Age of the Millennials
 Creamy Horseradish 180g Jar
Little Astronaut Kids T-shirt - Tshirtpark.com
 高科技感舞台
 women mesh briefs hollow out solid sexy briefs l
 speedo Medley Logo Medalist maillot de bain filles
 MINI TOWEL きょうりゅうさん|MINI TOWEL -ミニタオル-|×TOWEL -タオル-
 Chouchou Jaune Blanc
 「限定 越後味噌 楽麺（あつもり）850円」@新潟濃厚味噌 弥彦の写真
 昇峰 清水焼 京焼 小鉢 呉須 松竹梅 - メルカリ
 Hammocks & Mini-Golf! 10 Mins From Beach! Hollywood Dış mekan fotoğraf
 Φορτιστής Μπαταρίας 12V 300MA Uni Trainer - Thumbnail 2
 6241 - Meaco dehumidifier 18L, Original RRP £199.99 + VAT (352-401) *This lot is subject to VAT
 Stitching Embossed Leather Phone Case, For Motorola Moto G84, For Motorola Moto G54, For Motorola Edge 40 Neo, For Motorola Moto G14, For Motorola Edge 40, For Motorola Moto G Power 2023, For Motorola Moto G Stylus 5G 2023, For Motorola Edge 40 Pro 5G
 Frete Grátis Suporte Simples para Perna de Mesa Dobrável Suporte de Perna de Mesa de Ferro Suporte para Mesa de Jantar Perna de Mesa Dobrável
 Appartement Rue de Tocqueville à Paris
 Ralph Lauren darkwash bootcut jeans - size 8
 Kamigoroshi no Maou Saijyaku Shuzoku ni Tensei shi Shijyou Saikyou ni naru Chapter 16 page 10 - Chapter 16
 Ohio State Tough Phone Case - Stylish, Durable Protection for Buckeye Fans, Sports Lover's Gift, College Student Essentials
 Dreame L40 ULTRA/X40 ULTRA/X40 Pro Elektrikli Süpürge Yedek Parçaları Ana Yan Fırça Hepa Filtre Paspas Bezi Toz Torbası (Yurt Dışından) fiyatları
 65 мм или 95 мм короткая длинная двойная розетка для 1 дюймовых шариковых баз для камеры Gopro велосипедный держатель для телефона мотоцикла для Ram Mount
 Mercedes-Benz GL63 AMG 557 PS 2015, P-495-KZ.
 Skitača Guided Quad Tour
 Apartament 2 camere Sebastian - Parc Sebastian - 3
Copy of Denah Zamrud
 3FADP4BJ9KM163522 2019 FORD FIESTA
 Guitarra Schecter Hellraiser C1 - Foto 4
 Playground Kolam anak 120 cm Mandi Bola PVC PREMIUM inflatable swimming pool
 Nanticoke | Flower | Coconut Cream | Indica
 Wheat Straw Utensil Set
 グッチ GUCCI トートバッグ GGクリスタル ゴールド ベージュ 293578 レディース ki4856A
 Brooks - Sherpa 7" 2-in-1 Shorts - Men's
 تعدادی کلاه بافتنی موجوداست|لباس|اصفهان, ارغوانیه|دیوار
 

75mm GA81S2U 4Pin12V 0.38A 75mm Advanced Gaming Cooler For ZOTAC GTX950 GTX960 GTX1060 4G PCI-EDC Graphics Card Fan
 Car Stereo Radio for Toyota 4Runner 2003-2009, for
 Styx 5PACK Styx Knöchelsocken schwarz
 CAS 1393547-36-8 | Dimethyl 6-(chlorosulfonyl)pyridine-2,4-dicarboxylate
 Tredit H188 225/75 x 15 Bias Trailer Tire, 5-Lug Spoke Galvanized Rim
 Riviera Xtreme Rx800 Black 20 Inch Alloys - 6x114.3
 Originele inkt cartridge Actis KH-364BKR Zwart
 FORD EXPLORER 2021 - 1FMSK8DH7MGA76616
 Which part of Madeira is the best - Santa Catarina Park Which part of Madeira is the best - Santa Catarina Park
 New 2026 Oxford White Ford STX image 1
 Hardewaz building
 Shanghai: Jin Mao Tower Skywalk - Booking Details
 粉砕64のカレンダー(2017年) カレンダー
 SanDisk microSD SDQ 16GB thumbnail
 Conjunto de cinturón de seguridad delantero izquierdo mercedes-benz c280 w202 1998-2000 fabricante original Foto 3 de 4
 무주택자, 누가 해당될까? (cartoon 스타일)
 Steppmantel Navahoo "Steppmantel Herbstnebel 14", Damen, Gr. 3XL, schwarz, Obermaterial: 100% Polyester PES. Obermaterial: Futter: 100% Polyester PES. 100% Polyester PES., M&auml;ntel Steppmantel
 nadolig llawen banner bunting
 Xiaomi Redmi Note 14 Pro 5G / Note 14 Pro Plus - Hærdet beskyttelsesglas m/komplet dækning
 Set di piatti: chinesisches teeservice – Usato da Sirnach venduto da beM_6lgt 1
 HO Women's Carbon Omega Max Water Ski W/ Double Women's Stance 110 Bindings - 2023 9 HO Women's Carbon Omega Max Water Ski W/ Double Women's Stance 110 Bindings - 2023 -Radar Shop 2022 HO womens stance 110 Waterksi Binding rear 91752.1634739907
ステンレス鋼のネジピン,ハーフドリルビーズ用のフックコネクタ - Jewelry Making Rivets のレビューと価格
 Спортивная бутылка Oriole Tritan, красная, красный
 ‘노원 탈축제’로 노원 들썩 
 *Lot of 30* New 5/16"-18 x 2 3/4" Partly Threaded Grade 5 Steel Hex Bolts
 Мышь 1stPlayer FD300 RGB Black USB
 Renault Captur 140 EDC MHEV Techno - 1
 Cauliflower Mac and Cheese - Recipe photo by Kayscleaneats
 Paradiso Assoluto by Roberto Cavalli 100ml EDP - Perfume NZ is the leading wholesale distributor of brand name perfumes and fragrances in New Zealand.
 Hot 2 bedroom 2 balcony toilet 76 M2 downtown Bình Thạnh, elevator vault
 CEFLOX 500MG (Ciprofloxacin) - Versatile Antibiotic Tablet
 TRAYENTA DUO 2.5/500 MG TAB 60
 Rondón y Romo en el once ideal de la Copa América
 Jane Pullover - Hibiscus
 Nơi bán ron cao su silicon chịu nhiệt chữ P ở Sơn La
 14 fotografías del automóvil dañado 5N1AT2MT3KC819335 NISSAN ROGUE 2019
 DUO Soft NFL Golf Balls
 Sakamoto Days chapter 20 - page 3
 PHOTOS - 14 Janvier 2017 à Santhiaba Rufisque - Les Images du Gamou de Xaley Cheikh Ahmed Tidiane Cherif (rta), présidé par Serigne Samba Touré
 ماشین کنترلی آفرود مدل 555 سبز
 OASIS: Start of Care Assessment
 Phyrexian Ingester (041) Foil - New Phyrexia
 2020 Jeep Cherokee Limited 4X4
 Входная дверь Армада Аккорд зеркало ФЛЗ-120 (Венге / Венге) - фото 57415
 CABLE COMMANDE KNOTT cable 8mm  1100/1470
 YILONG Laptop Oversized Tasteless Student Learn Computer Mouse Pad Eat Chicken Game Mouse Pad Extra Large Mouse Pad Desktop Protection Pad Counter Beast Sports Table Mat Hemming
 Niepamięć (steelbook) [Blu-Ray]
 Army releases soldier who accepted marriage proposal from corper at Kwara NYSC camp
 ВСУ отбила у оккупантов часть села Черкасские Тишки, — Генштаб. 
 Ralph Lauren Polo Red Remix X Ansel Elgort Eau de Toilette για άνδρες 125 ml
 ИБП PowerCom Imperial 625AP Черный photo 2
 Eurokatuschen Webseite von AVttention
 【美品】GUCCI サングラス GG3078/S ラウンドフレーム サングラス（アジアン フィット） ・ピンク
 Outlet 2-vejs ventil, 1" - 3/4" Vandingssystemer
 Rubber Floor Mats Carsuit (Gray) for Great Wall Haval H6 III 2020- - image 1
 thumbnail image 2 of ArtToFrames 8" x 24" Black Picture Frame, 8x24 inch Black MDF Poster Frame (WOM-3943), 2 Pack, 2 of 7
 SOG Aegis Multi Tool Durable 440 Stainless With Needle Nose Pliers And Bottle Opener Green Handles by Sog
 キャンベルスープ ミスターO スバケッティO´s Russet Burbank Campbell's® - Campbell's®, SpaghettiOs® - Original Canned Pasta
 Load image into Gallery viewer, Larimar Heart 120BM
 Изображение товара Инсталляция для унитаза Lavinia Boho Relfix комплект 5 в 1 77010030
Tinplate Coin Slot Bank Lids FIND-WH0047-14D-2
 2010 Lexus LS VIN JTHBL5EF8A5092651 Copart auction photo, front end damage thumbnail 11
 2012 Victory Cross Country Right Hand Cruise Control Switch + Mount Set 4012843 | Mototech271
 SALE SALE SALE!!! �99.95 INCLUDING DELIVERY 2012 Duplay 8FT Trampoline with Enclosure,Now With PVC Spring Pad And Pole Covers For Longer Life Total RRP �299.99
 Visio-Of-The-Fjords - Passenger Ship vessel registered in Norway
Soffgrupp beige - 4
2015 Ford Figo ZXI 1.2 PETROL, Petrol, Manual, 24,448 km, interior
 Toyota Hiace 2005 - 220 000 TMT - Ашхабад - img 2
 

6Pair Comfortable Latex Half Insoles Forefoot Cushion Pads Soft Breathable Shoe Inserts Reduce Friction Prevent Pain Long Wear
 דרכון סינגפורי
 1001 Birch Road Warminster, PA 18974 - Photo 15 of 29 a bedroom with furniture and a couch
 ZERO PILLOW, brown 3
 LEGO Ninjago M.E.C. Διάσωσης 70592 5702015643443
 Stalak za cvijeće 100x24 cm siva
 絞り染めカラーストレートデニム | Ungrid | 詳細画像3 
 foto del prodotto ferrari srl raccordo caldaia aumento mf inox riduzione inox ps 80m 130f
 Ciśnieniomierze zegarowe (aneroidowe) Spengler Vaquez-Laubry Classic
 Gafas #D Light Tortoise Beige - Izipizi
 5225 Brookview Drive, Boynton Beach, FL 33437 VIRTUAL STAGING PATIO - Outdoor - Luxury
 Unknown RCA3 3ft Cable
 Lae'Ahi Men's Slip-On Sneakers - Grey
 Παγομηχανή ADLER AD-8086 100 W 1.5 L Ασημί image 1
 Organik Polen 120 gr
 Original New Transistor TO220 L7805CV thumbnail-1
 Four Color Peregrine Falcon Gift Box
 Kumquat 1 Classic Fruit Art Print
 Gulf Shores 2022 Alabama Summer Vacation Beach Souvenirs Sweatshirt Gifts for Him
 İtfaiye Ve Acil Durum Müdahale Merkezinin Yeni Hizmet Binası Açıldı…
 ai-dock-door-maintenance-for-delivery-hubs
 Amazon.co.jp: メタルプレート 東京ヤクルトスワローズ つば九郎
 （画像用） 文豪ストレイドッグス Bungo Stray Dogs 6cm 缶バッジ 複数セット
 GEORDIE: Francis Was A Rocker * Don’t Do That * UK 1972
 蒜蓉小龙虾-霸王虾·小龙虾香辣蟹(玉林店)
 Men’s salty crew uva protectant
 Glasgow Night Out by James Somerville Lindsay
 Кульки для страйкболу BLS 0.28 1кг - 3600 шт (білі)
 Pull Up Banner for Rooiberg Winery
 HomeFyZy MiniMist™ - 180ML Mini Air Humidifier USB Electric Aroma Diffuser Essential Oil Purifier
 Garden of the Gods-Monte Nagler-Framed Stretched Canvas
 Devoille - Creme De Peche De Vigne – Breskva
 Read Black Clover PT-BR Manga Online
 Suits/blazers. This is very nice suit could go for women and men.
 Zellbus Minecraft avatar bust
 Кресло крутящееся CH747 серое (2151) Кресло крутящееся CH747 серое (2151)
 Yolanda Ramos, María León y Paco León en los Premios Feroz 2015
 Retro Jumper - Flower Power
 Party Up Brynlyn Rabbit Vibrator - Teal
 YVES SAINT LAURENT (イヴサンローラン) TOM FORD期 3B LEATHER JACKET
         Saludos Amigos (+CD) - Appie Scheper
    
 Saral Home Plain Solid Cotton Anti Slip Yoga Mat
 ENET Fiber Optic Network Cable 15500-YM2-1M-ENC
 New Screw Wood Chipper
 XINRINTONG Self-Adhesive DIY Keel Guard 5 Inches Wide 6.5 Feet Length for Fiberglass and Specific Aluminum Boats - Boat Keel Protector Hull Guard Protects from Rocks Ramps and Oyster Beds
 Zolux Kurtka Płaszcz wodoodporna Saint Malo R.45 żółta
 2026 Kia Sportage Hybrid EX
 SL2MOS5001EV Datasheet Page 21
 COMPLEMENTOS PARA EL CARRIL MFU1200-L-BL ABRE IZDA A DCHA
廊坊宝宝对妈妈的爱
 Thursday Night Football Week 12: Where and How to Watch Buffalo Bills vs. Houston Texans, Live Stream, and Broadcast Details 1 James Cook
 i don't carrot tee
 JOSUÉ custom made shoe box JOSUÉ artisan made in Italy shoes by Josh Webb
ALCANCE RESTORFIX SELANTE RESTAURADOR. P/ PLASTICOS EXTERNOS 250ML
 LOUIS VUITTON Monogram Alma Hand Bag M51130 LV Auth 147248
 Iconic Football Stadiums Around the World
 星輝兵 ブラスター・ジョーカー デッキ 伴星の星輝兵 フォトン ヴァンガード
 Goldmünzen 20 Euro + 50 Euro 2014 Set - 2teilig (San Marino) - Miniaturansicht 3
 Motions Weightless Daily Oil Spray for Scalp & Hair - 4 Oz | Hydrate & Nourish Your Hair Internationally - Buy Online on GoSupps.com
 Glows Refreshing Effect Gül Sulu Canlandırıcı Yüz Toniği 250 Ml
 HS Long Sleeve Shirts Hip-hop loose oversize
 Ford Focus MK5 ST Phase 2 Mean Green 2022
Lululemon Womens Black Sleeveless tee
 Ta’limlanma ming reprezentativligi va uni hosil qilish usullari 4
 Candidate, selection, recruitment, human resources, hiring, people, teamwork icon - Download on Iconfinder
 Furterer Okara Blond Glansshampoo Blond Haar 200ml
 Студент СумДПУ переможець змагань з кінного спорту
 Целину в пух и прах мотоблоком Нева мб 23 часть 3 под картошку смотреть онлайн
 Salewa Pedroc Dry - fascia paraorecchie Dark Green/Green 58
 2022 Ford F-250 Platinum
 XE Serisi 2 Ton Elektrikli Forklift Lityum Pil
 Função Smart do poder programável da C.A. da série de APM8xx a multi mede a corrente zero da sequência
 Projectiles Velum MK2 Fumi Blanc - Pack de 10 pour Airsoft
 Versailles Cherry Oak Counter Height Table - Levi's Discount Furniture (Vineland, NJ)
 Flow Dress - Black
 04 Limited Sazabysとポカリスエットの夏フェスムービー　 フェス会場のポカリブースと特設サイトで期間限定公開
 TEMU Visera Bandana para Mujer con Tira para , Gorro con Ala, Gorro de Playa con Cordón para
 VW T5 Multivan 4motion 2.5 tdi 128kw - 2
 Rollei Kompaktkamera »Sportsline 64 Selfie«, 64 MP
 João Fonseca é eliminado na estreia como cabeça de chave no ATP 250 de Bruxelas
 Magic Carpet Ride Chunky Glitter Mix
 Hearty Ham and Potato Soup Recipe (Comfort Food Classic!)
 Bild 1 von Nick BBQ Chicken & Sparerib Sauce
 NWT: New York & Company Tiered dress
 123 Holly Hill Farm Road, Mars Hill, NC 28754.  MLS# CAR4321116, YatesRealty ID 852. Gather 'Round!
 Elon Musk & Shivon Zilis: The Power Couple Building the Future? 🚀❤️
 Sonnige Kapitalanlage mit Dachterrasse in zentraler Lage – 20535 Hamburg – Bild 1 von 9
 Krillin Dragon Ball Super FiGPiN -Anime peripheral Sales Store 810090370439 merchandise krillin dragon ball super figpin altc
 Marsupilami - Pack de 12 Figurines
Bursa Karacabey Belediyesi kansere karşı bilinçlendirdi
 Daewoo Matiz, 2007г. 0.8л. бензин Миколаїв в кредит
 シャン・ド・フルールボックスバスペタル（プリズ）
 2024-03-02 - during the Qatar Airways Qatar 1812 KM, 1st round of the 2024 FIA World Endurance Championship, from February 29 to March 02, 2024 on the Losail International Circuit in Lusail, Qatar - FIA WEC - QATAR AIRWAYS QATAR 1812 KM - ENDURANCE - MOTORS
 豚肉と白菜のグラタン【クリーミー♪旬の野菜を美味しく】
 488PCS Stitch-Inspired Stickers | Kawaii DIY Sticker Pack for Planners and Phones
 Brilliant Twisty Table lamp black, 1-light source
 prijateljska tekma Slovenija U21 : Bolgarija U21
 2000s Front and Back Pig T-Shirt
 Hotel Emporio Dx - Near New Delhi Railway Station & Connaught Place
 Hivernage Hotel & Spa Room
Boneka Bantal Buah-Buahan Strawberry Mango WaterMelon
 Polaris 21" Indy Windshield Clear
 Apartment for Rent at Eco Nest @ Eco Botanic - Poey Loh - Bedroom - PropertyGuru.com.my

- - - -

## REQUIREMENT:
What lines of the preceding data include the string "Chicken"? Pull them out.

## YOUR RESPONSE:
 YILONG Laptop Oversized Tasteless Student Learn Computer Mouse Pad Eat Chicken Game Mouse Pad Extra Large Mouse Pad Desktop Protection Pad Counter Beast Sports Table Mat Hemming
 Bild 1 von Nick BBQ Chicken & Sparerib Sauce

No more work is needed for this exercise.